## Exercise requirements
The records that follow are to be repeated exactly, with no pictures carried over.

## Excerpted data
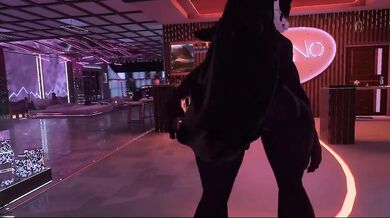 Stripping for MalO: a Naughty and Hot Porn Video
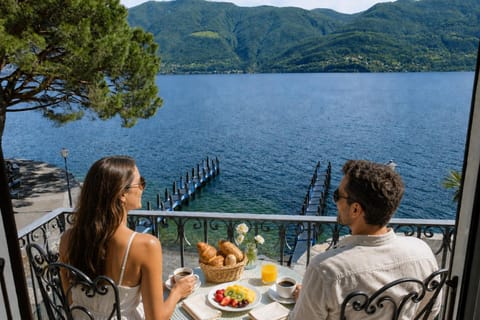 Lake view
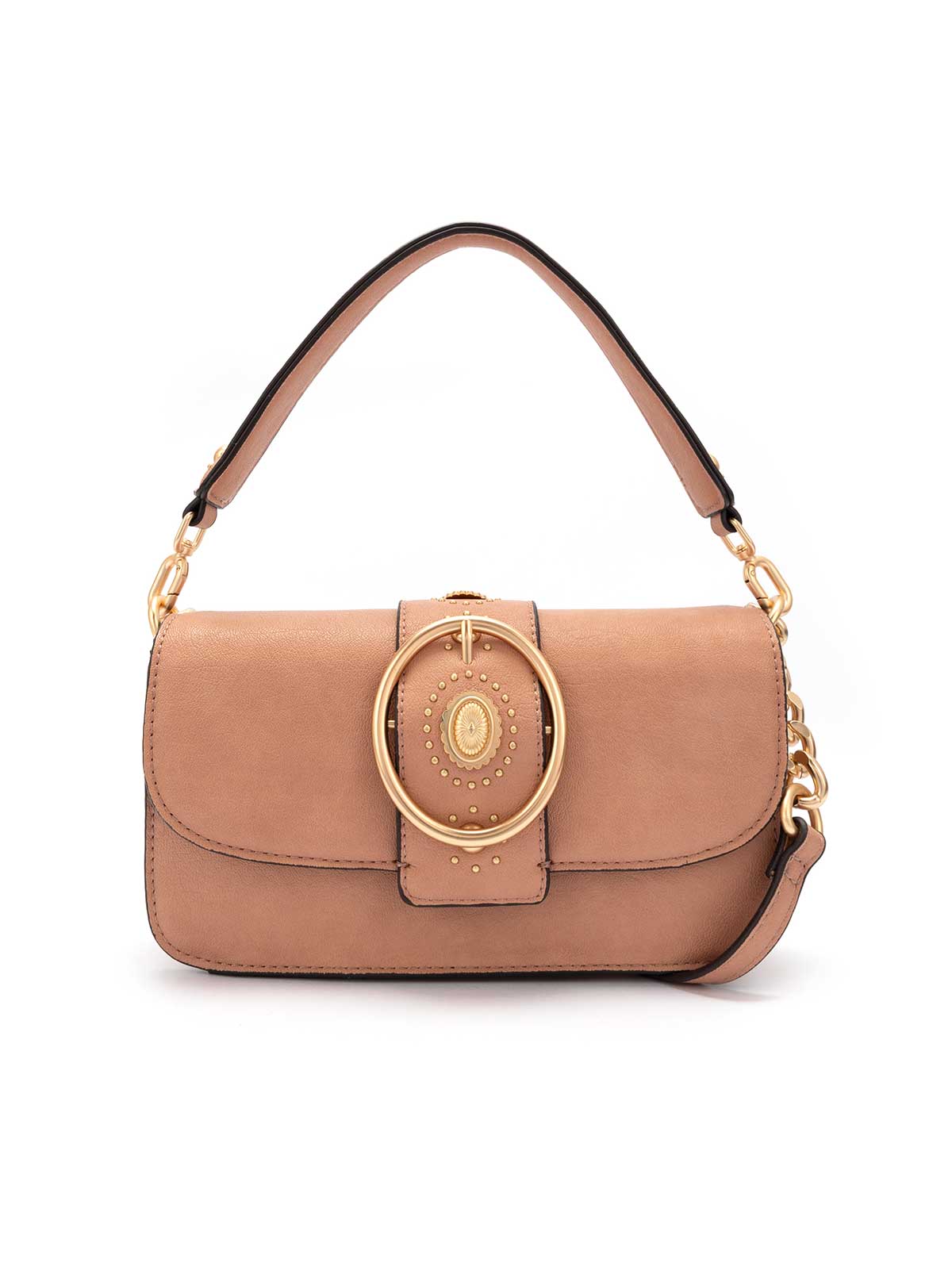 Jessica Simpson Cadence Crossbody in Italian Clay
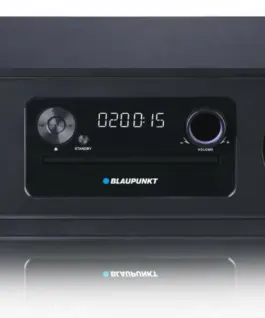 Alternative view of Blaupunkt Micro System All-in-one Bluetooth CD/MP3/USB/AUX/Clock/Alarm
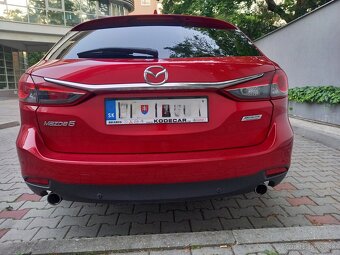 Mazda 6 combi 2.0 Skyactiv - 13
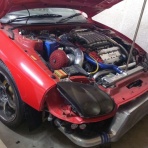 三菱GTO好きな私のぺージで〜す。見てくださいね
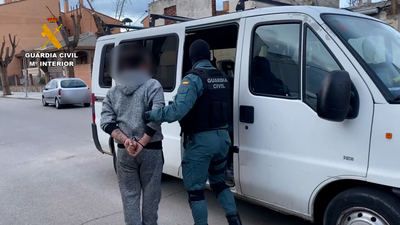 Desmantelan seis "supermercados de la droga" y detienen a 17 personas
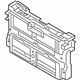 Mazda BDTS-53-110A Shroud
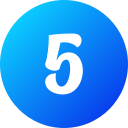 número 5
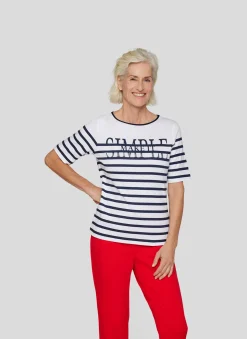 Damen Rabe T-Shirt
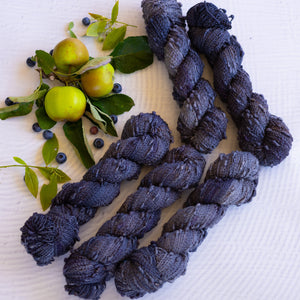 Louie & Lola Yarns Cobblestone - Harvest Collection - Ashwood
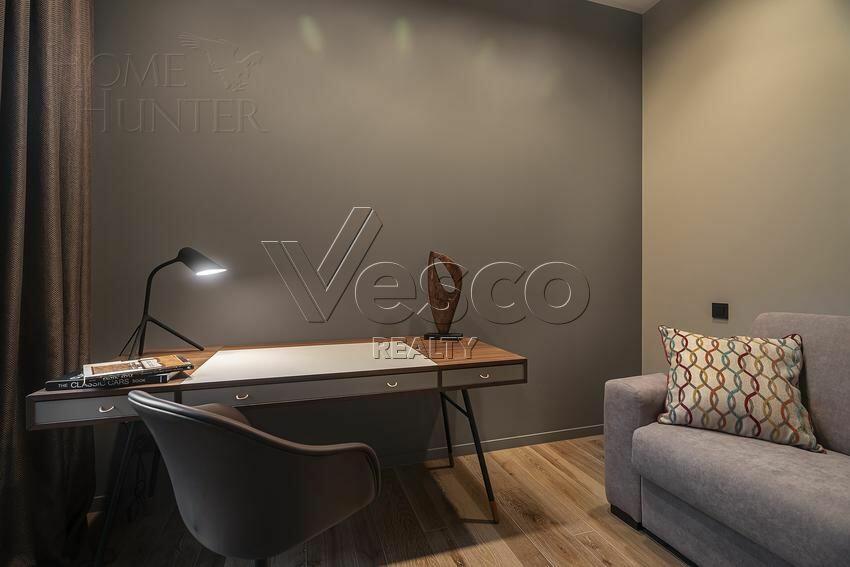 2-этажный коттедж 450 м² без отделки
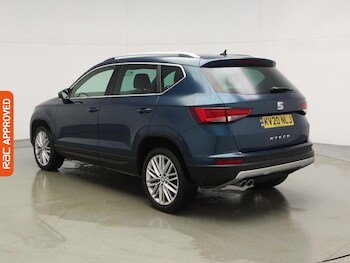 Used SEAT Ateca 2020 for sale - 77520296: Photo
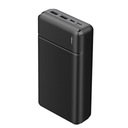 Powerbanka Maxlife 30000 mAh 2xUSB 2,4A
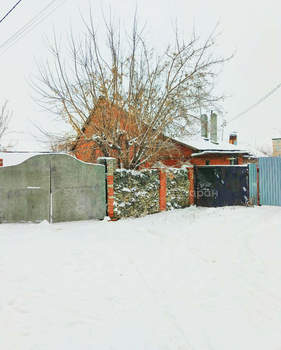 Дом 75м², 1-этажный, участок 3 сот.  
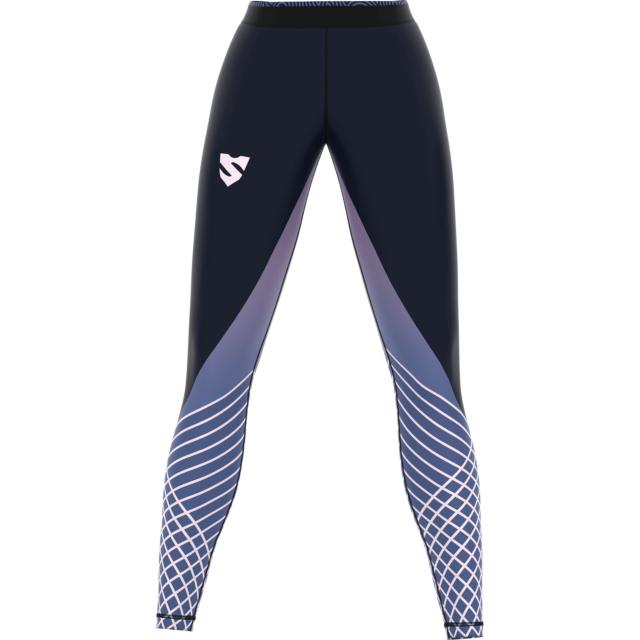 LEGGINGS LARGOS DE RUNNING PARA MUJER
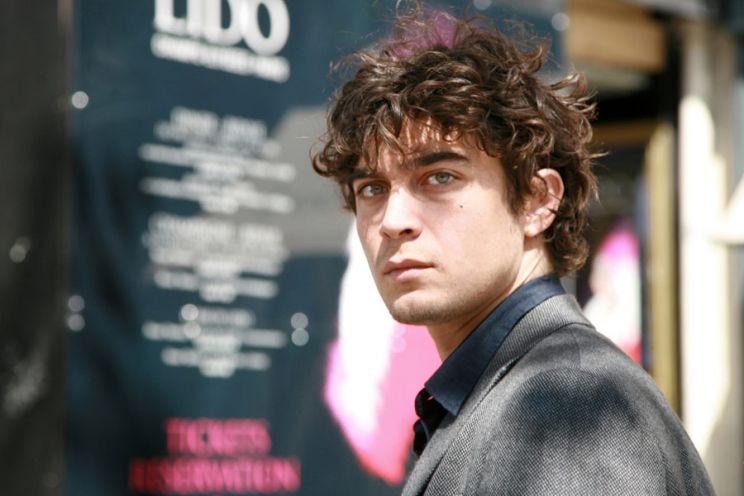 Riccardo Scamarcio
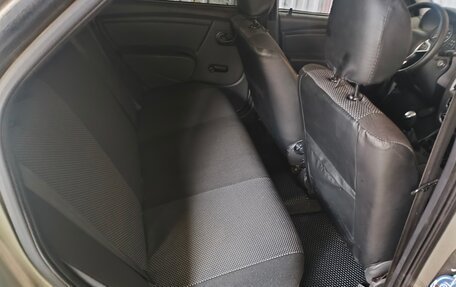 Renault Logan I, 2012 год, 450 000 рублей, 10 фотография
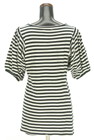 BEAMS Women's（ビームス　ウーマン）の古着「カットソー・プルオーバー」後ろ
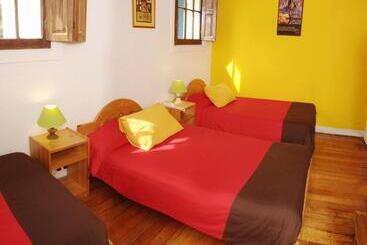 酒店 Hostal Rio Amazonas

## Answer space
 Stripping for MalO: a Naughty and Hot Porn Video
 Lake view
 Jessica Simpson Cadence Crossbody in Italian Clay
 Alternative view of Blaupunkt Micro System All-in-one Bluetooth CD/MP3/USB/AUX/Clock/Alarm
 Mazda 6 combi 2.0 Skyactiv - 13
 三菱GTO好きな私のぺージで〜す。見てくださいね
 Desmantelan seis "supermercados de la droga" y detienen a 17 personas
 Mazda BDTS-53-110A Shroud
 número 5
 Damen Rabe T-Shirt
 Louie & Lola Yarns Cobblestone - Harvest Collection - Ashwood
 2-этажный коттедж 450 м² без отделки
 Used SEAT Ateca 2020 for sale - 77520296: Photo
 Powerbanka Maxlife 30000 mAh 2xUSB 2,4A
 Дом 75м², 1-этажный, участок 3 сот.  
 LEGGINGS LARGOS DE RUNNING PARA MUJER
 Riccardo Scamarcio
 Renault Logan I, 2012 год, 450 000 рублей, 10 фотография
 BEAMS Women's（ビームス　ウーマン）の古着「カットソー・プルオーバー」後ろ
 酒店 Hostal Rio Amazonas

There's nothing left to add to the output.